Here’s how Kessel’s contract (using the 09-10 cap hit) stacks up against other players with comparable goal totals:
Nash: 40 Goals – 5.4 Million
E. Staal: 40 Goals – 8.25 Million
Hossa: 40 Goals – 5.275 Million
Vanek: 40 Goals – 7.14 Million
Cammalleri: 39 Goals – 6 Million
Heatley: 39 Goals – 7.5 Million
Marleau: 38 Goals – 6.3 Million
Eriksson: 36 Goals – 1.6 Million (RFA Upcoming)
Kessel: 36 Goals – 5.4 Million
Malkin: 35 Goals – 8.7 Million
Iginla: 35 Goals – 7 Million
Semin: 34 Goals – 4.6 Million (RFA Upcoming)
Gagne: 34 Goals – 5.25 Million
Toews: 34 Goals – 2.8 Million (RFA Upcoming)
Franzen: 34 Goals – 3.9 Million
Crosby: 33 Goals: 8.7 Million
Boyes: 33 Goals – 4 Million
Arnott: 33 Goals – 4.5 Million
The trade makes the Leafs a better team, no matter which version of Phil Kessel they get. He has garnered a reputation for having attitude problems, but his skillset is undeniable. Kessel immediately becomes the Leafs’ most skilled forward, and a piece they will build their offense around as they move towards contention in the Eastern Conference. When he arrives back from injury, Kessel should be at least tested on a line with Grabovski and Ponikarovsky. Additionally, Nazem Kadri has drawn Marc Savard comparisons, so perhaps Burke is already anticipating a Kadri-Kessel connection in the near future.
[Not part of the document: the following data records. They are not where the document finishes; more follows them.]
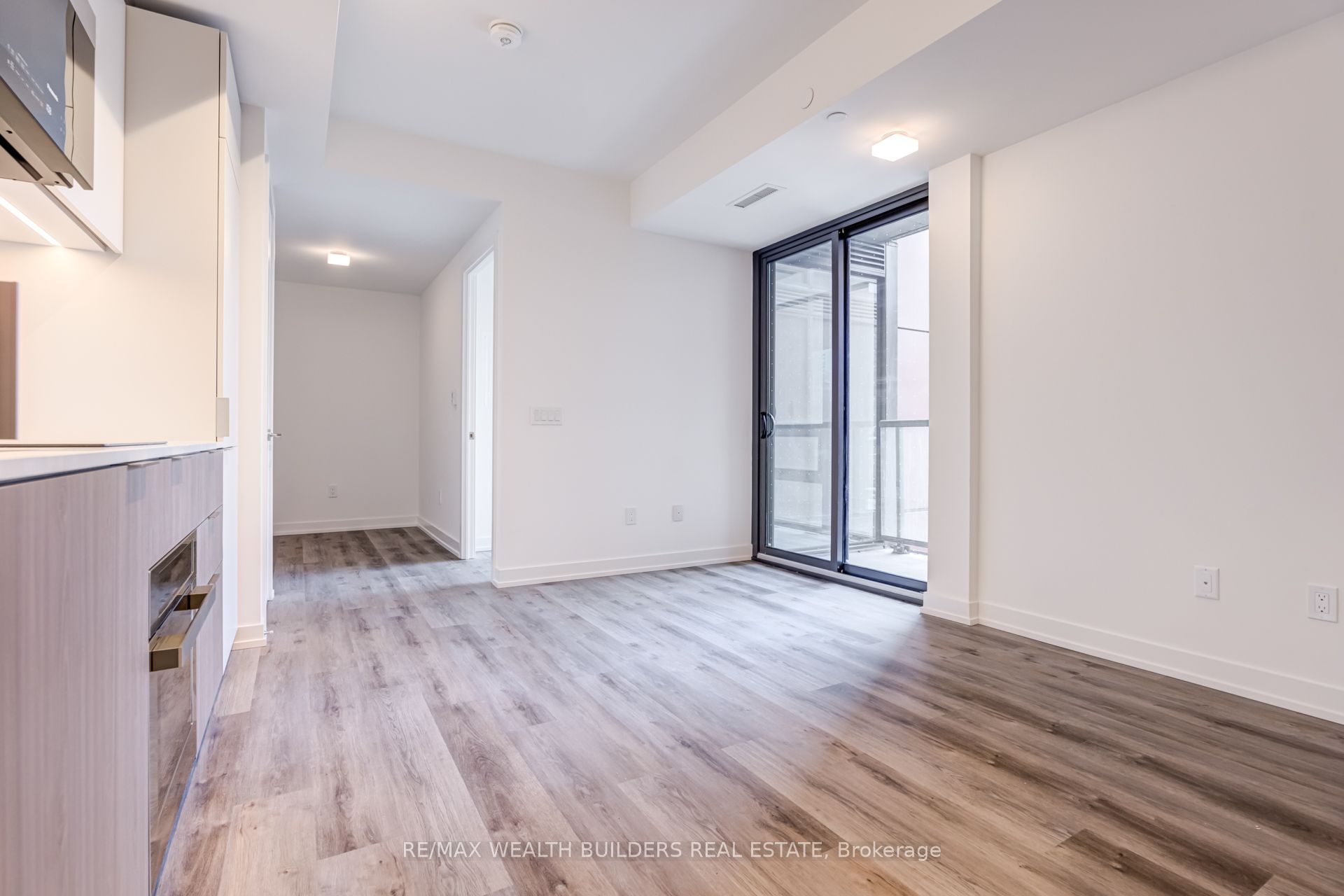28 Eastern Avenue 331, Toronto, ON M5A 0Y2 photo 4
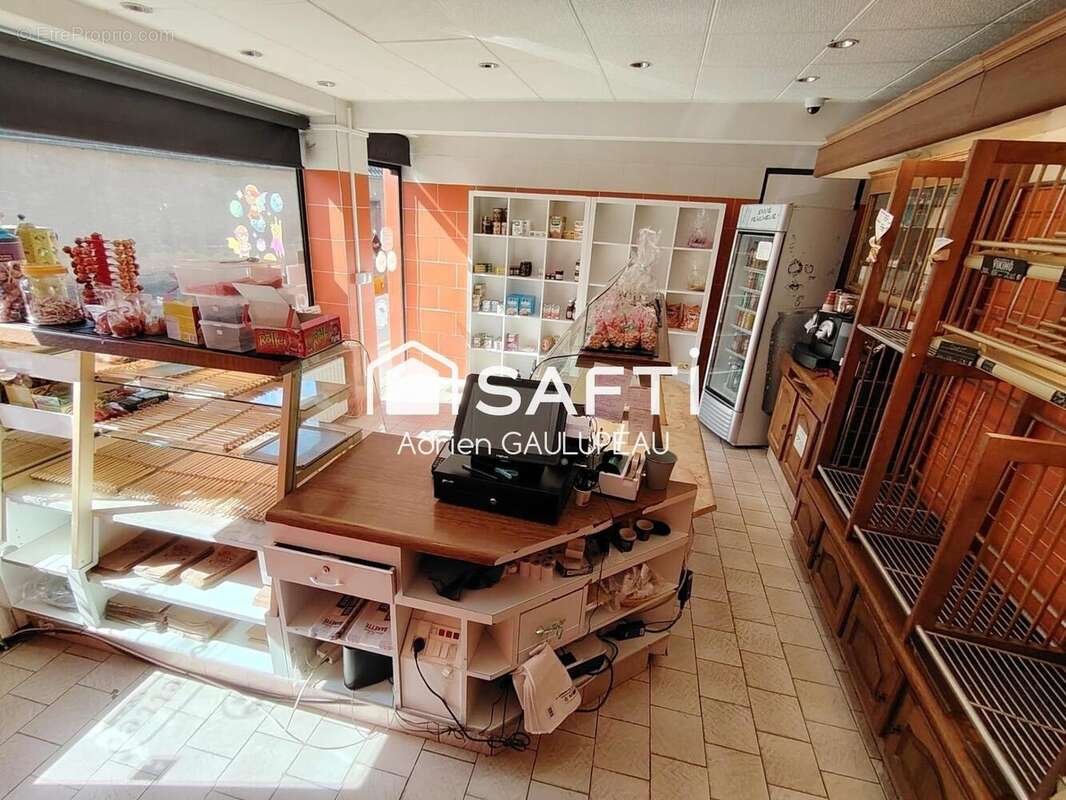 Commerce 205 m² à Faverolles  - photo 3
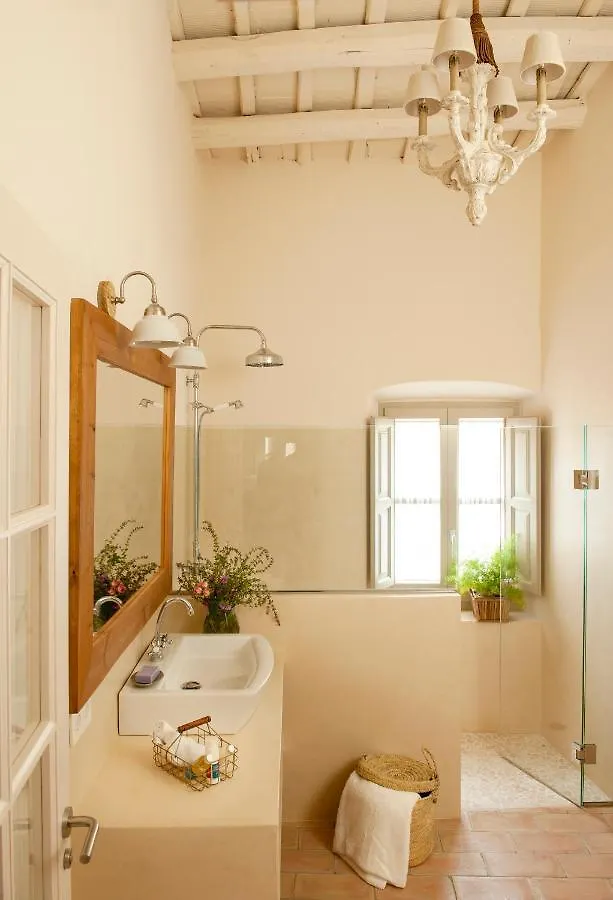 Arkhe Hotel Boutique Pals Bed & Breakfast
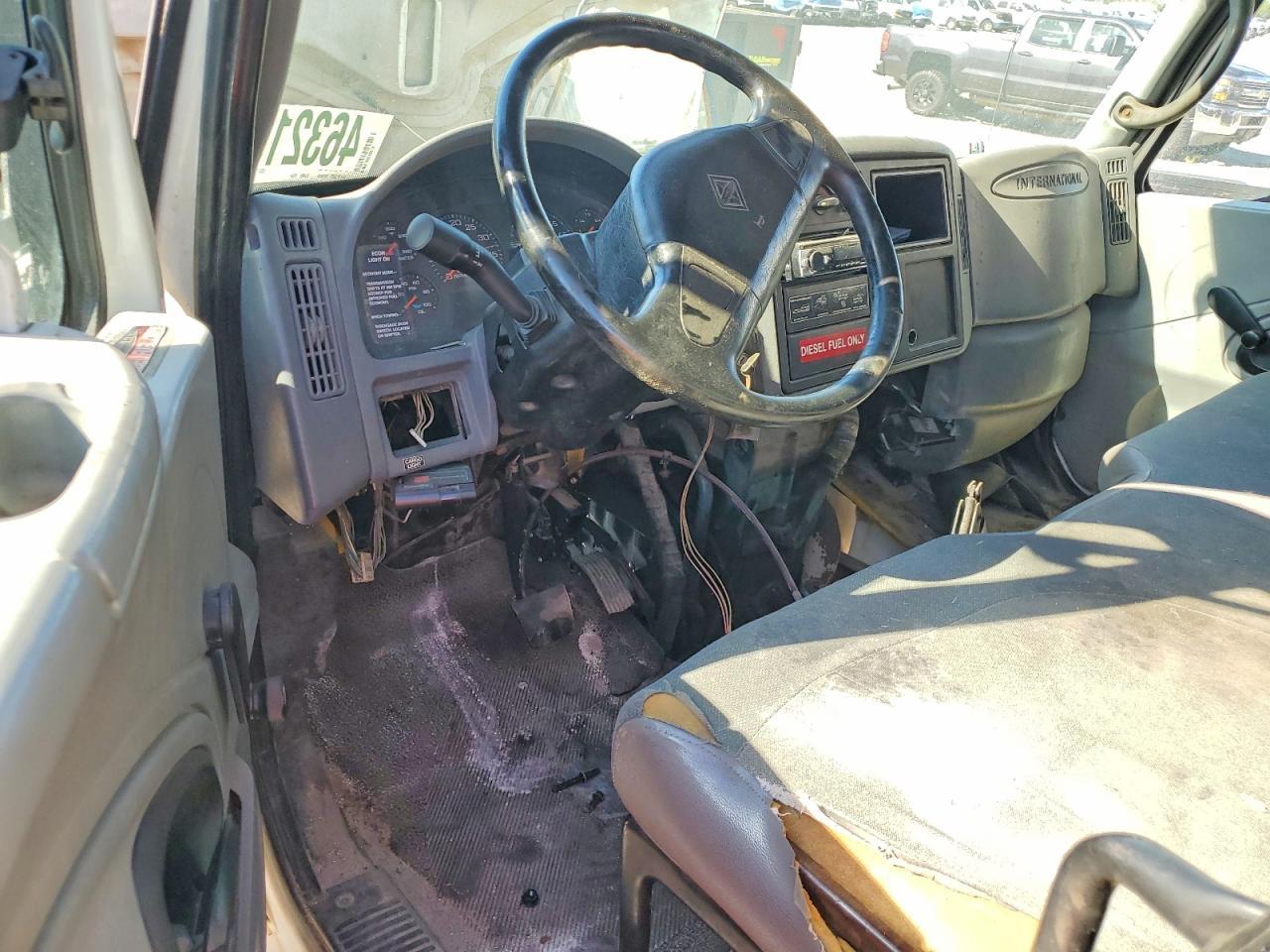 2007 International 4300 Flatbed Truck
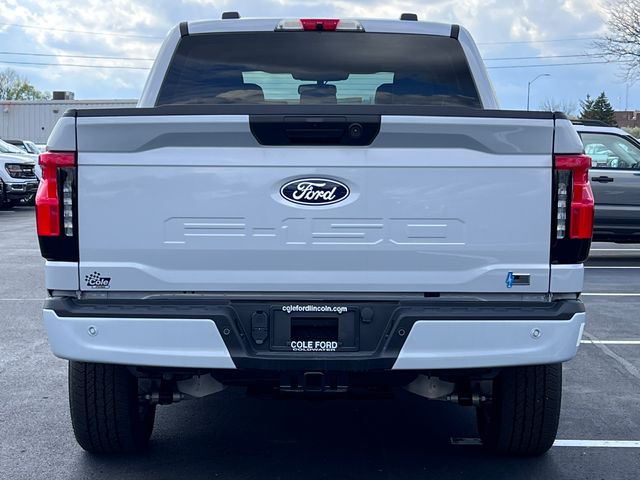 2025 Ford F-150 Lightning Flash - Photo 45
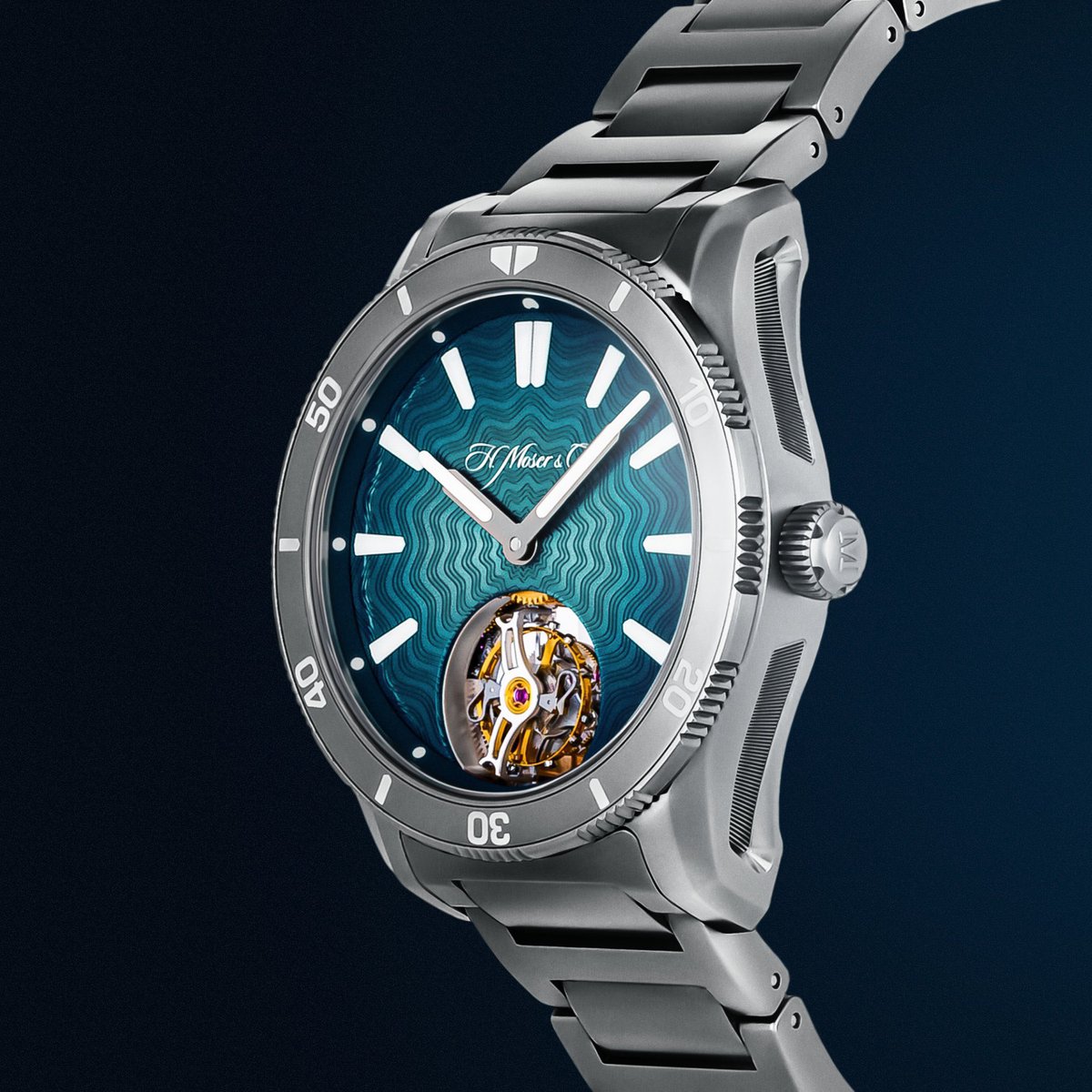 Thank you my friend for sharing this video. 

To all the <a href="/Azuki/">Azuki</a> doubters - this has proven to be a top tier luxury collab. Massively oversubscribed. Impeccable execution. 

I can’t resist showing off the 1/1 Water Tourbillon once again! 🌊🌊🌊

x.com/azhangerator/s…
The acquisition addresses the Leafs’ most pressing concern which was the need for a top-6 forward with high-end skill. Toronto, who most prognosticators have pegged to finish between 8-12th place in the East, should now be considered a threat to nab one of the bottom three playoff spots in their conference.
The Leafs’ team speed, which was already one of their notable strengths, may have just reached elite level status. Flyers Jason Blake, Tyler Bozak, Mikhail Grabovski, and Phil Kessel have the potential to dizzy the opposition if they can develop a transitional attack.
For the Bruins, losing their highest scoring winger from a year ago will hurt, but they hope to recoup the loss with steps forward from some of their younger talent. Blake Wheeler, David Krejci, and Milan Lucic have definite growth potential, and all three will be counted on with Kessel’s departure. The Bruins will still win the Northeast Division and challenge for the Cup, which is a testament to their tremendous depth at forward.